• _Exercise materials_
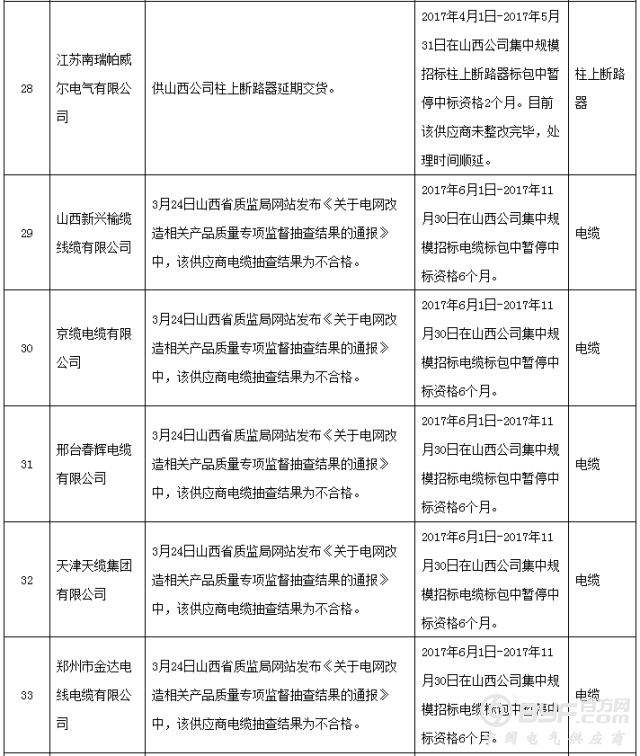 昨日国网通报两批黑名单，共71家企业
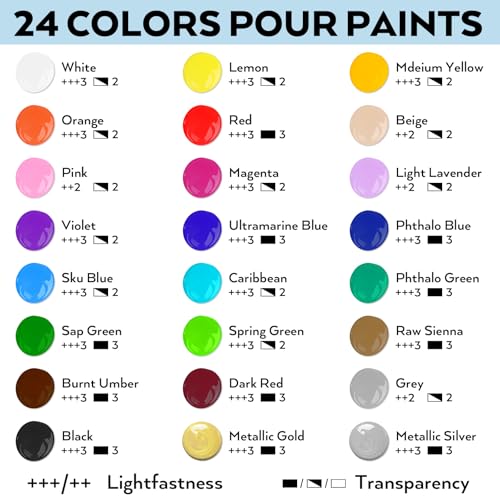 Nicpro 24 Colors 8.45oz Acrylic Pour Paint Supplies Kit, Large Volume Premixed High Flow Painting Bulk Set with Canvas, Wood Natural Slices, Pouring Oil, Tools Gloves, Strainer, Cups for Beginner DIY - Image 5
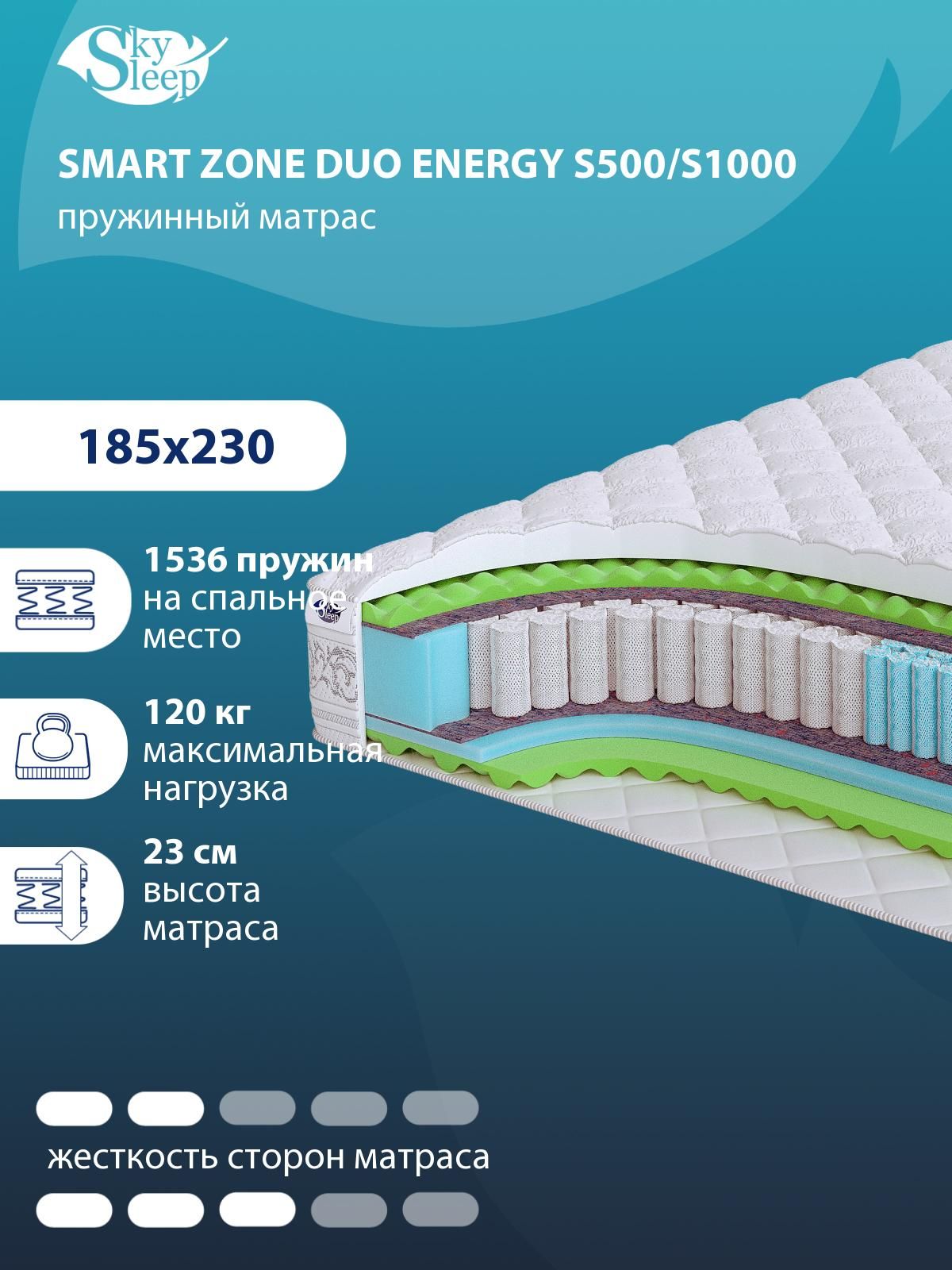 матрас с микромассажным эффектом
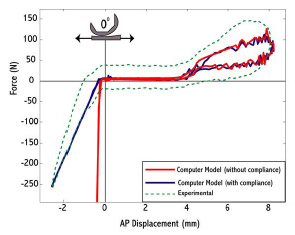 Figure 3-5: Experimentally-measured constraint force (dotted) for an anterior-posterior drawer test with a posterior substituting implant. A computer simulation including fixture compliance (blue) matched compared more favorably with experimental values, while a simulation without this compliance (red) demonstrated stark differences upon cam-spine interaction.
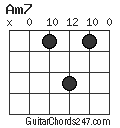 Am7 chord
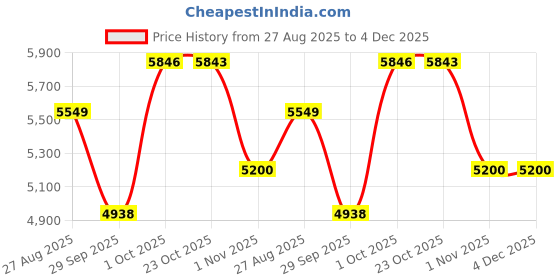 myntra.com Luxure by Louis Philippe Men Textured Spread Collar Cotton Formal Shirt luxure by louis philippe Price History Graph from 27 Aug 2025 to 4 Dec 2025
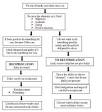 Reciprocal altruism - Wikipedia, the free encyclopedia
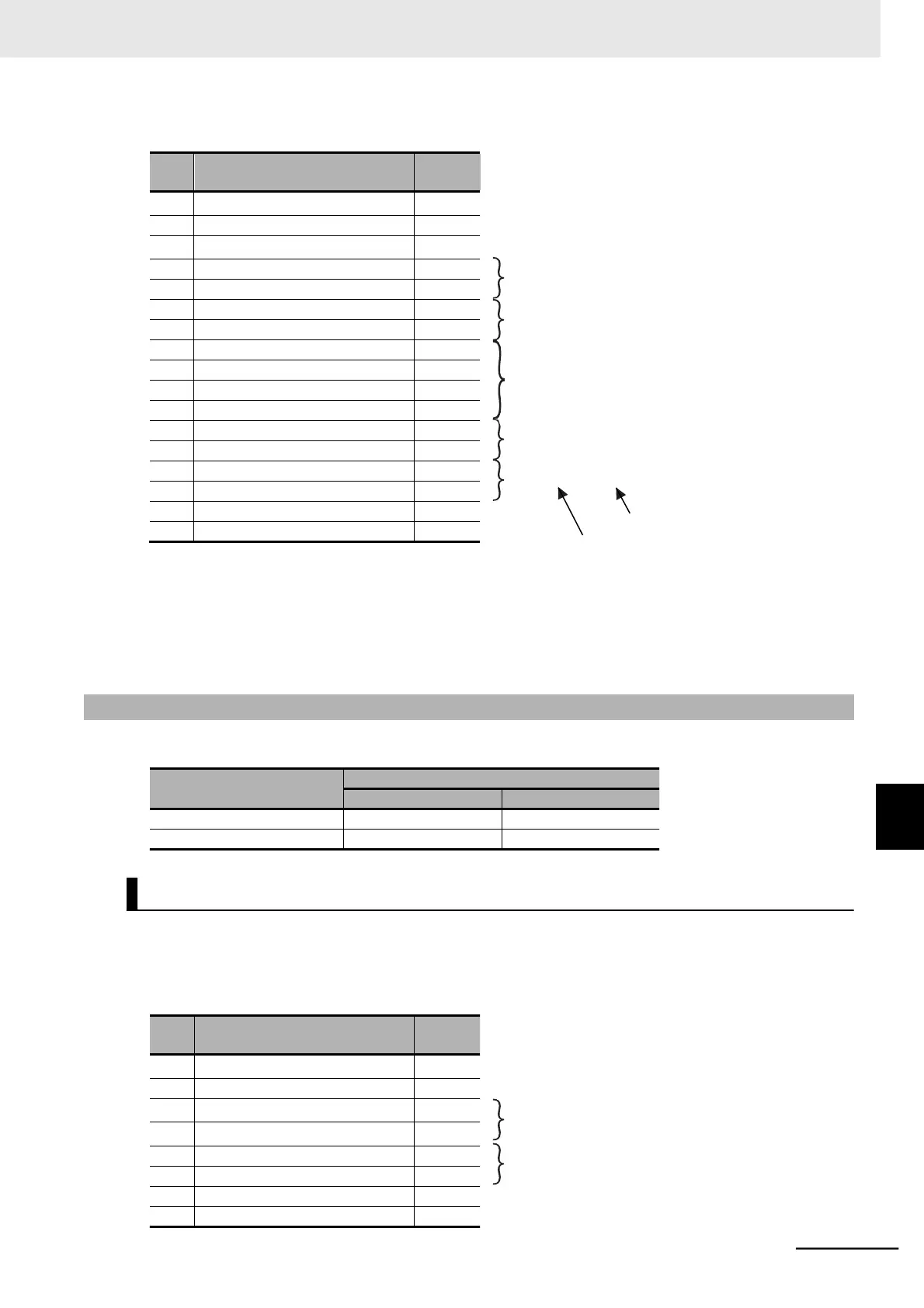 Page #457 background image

* * *

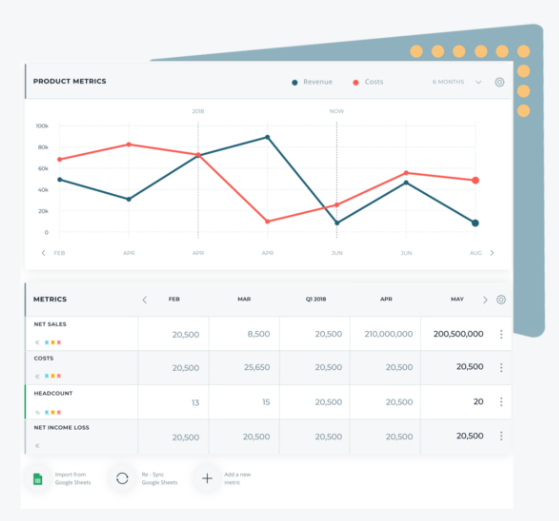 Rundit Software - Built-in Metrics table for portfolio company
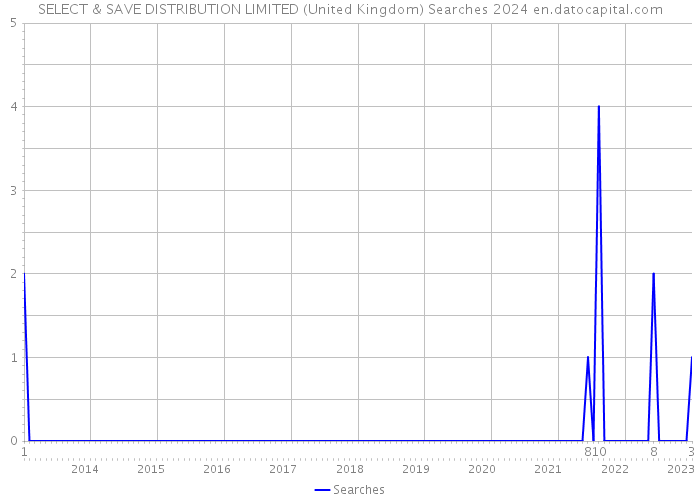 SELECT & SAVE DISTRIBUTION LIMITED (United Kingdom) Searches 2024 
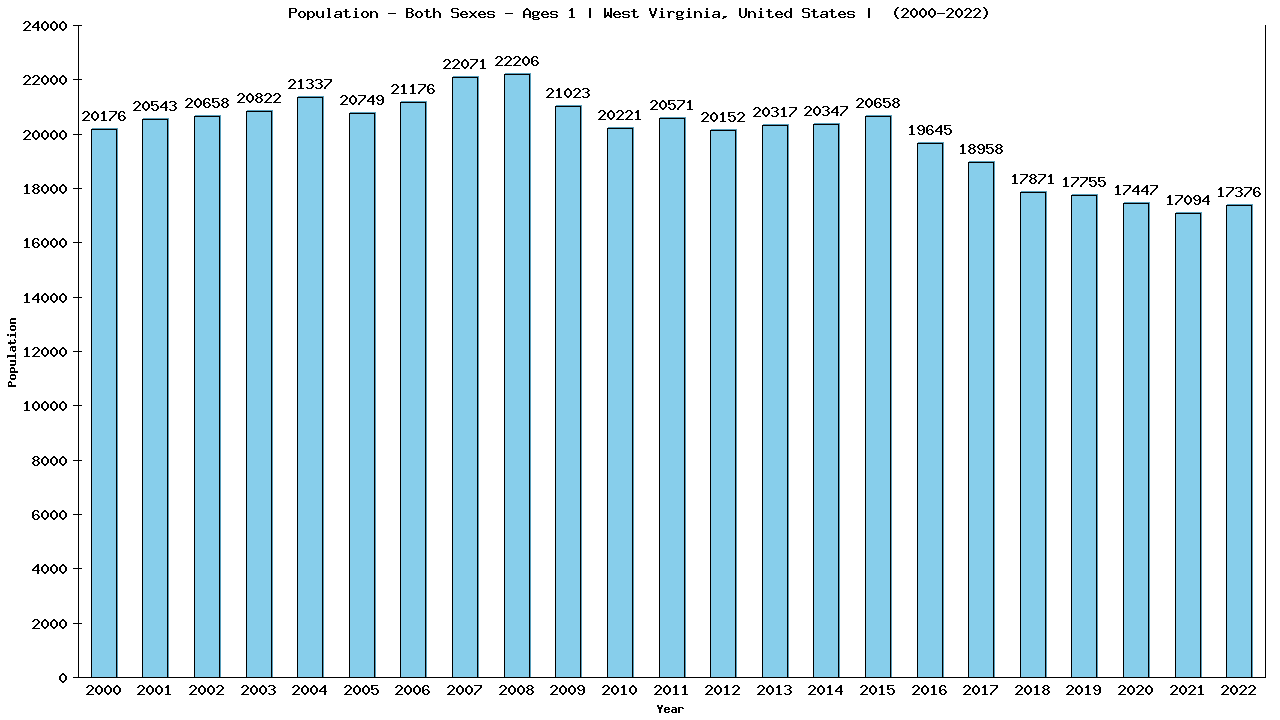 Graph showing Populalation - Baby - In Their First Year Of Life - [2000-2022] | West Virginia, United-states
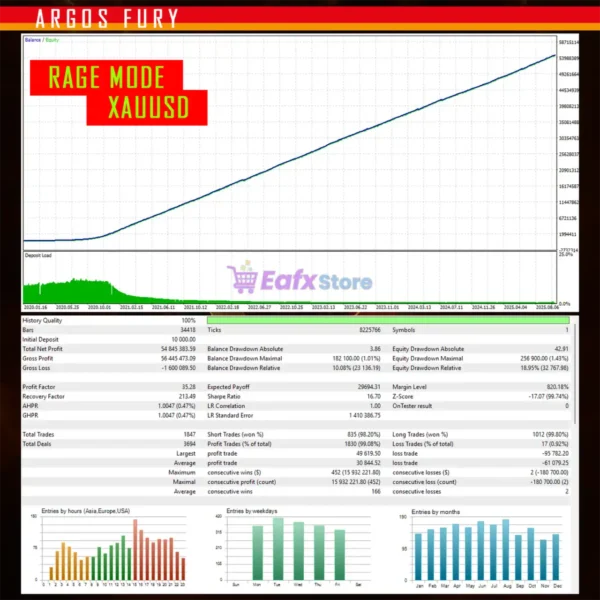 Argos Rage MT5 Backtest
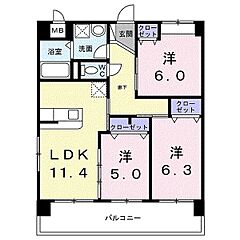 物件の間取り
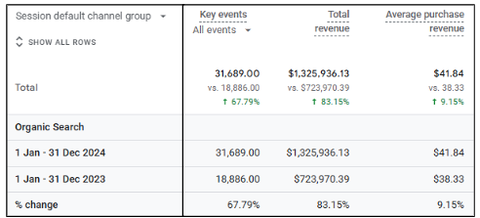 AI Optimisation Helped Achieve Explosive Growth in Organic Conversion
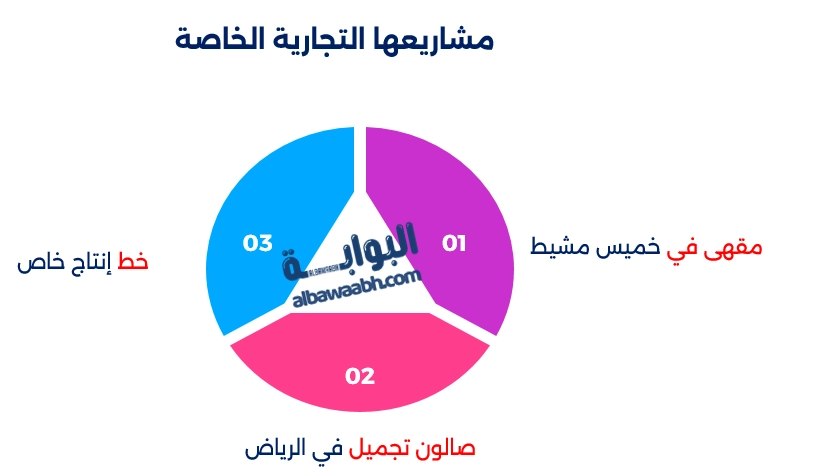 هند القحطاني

* * *

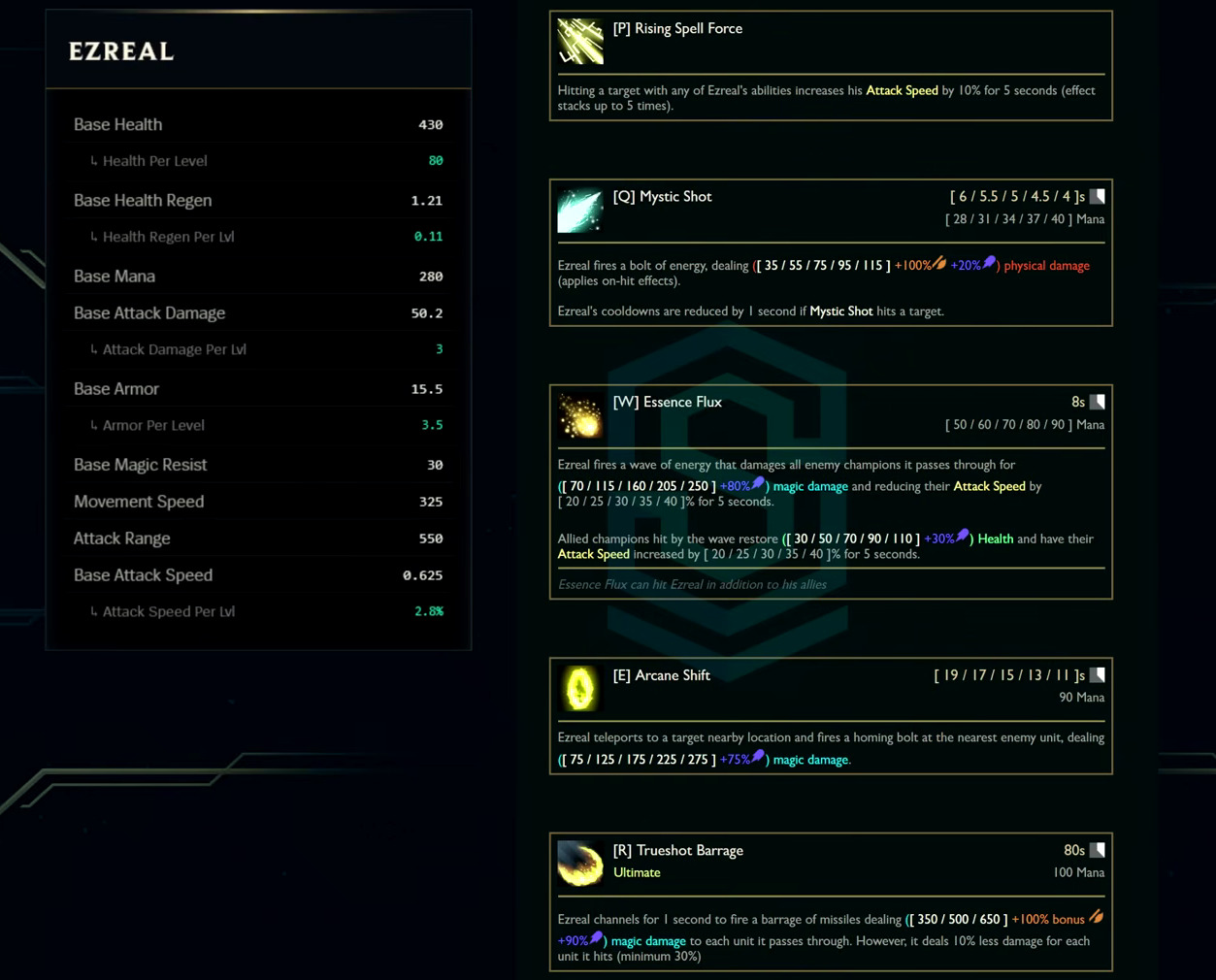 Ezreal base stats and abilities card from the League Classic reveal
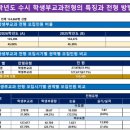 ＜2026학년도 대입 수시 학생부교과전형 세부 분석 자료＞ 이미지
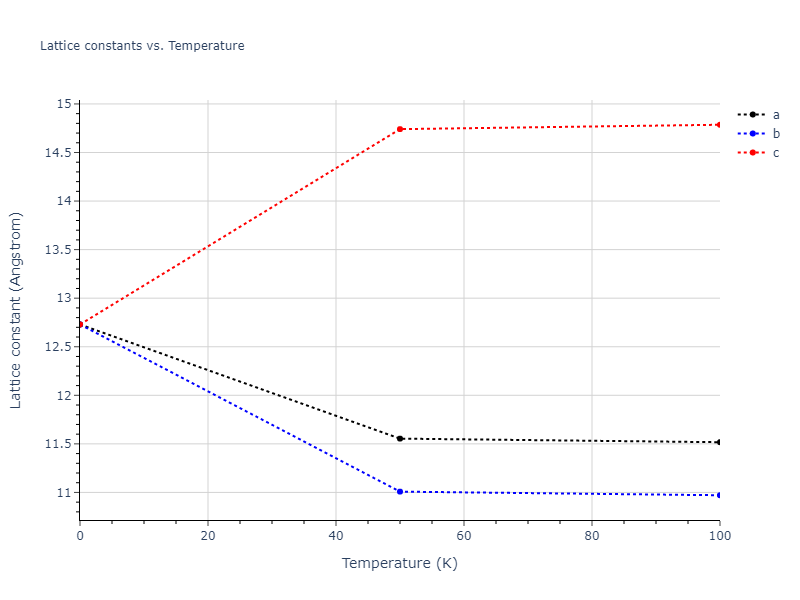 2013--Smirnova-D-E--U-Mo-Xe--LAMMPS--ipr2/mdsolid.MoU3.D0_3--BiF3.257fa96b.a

• _Task_
Lines from the one above containing "Nicpro 24 Colors" down to the one containing "Page #457 background image" should be transcribed exactly, with both ends kept and no pictures.

• _Completed exercise_
 Nicpro 24 Colors 8.45oz Acrylic Pour Paint Supplies Kit, Large Volume Premixed High Flow Painting Bulk Set with Canvas, Wood Natural Slices, Pouring Oil, Tools Gloves, Strainer, Cups for Beginner DIY - Image 5
 матрас с микромассажным эффектом
 Figure 3-5: Experimentally-measured constraint force (dotted) for an anterior-posterior drawer test with a posterior substituting implant. A computer simulation including fixture compliance (blue) matched compared more favorably with experimental values, while a simulation without this compliance (red) demonstrated stark differences upon cam-spine interaction.
 Am7 chord
 myntra.com Luxure by Louis Philippe Men Textured Spread Collar Cotton Formal Shirt luxure by louis philippe Price History Graph from 27 Aug 2025 to 4 Dec 2025
 Reciprocal altruism - Wikipedia, the free encyclopedia
 Page #457 background image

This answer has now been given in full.